This will be necessarily incomplete for the time being and sound like a bunch of vague woo BS since it's a topic I don't think I fully understand yet.
I find that emotions, and specifically anxiety, can play a big role in my ability to solve problems or understand things. There are cases where this is obvious: in an interview or exam setting you might get stressed and lose the ability to think clearly. But I find that there are other more subtle cases.
I find that if I'm not in the right frame of my mind it's difficult for me to be creative or to learn new ideas. Something about generalized anxiety translates into a fear of exploration or a fear of being open to new things.
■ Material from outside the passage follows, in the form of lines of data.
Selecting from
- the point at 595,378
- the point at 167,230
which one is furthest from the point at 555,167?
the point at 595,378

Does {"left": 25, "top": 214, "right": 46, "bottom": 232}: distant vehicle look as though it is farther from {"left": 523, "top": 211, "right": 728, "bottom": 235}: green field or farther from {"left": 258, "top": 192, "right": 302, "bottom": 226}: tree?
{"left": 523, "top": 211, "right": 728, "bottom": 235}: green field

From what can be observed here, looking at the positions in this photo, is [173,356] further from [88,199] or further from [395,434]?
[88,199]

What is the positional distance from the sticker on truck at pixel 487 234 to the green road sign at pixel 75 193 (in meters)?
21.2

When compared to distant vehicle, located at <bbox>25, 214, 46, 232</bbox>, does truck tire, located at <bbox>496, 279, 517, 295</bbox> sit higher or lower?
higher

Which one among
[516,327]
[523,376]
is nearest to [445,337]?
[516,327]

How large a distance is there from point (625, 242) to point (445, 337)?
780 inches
It makes it difficult to solve non-standard or open-ended problems. And conversely, there have been moments in my life where I've felt the opposite: calm, open -- and it has the expected effect where it's easier to come up with good new ideas or to understand things.
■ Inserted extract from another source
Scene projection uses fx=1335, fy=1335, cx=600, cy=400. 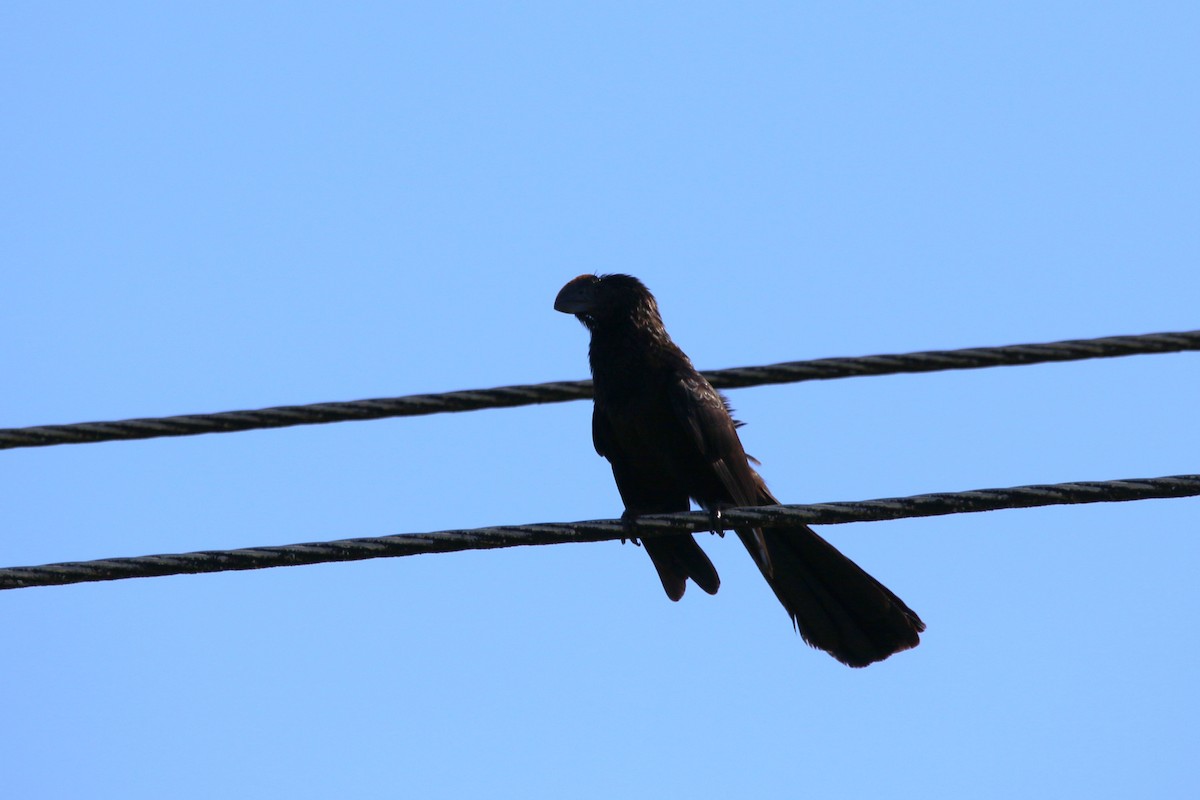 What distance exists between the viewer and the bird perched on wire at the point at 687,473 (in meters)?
5.48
A calm state of mind also makes it easier to feel things intuitively. For example, for most of my life I had never felt like I "got" why the gambler's fallacy was false. Like I knew it to be a fallacy, but I never really felt it deep in my core. But recently I was in a more relaxed state of mind and I was playing around with a random number generator, and I had a sudden feeling of internalizing memorylessness. Usually there's some sort of stress or fear feeling that makes me emotionally need, say, for there to be a tails after a long streak of heads. But in that moment there was a calm open confident feeling in my head where I understood.
Anxiety can make me prone to skipping over difficult-to-understand portions of a derivation, or steps in a problem that require a lot of attention to detail. There's a feeling of needing to go fast, that again seems analogous to fear. Being confronted with something that I don't understand immediately, or a problem that is open-ended, feels scary on a deep level, like there is actually some real danger there.
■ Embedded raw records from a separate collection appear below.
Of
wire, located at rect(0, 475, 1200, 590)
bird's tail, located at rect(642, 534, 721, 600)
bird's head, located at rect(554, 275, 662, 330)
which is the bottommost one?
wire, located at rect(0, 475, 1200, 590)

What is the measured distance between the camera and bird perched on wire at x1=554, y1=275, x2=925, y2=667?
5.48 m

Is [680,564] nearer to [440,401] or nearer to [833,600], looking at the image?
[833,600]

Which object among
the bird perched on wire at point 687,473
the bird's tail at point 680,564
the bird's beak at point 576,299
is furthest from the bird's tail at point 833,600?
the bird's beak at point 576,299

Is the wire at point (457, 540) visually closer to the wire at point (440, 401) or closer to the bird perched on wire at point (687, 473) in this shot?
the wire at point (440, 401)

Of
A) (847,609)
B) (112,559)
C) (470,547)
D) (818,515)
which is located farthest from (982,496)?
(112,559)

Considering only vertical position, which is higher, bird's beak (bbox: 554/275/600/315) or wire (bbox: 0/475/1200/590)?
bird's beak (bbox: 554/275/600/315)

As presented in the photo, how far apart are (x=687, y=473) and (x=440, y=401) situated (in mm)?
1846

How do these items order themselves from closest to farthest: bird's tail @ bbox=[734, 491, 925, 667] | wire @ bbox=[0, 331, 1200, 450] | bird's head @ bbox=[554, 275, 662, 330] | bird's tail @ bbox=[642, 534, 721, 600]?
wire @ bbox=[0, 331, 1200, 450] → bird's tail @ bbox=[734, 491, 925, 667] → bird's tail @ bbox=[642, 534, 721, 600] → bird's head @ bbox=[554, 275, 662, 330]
I've found that antidotes to this are basically to do easy problems that require some amount of working out the details/brute force/guess and check (easier high school math competition problems are good for this). Problems that feel like they have no holds to grab onto at first glance but quickly fall once you work out a few cases. Reading somewhat dense prose helps, because if you skip too much you lose track so you're forced to slow down and read thoroughly. The biggest cause is mindlessly scrolling when I'm not already "in the right mindset". I don't really engage with what's in front of me, and feel this sort of anxious push to keep scrolling, which exacerbates the issues.
I can also, sometimes, power through somewhat with sheer force. If I sit up straight and open, and try to conjure up the feeling of attacking the problem, then I can lessen the instinctual cowering response (and yes, the physical posture does actually make a big difference).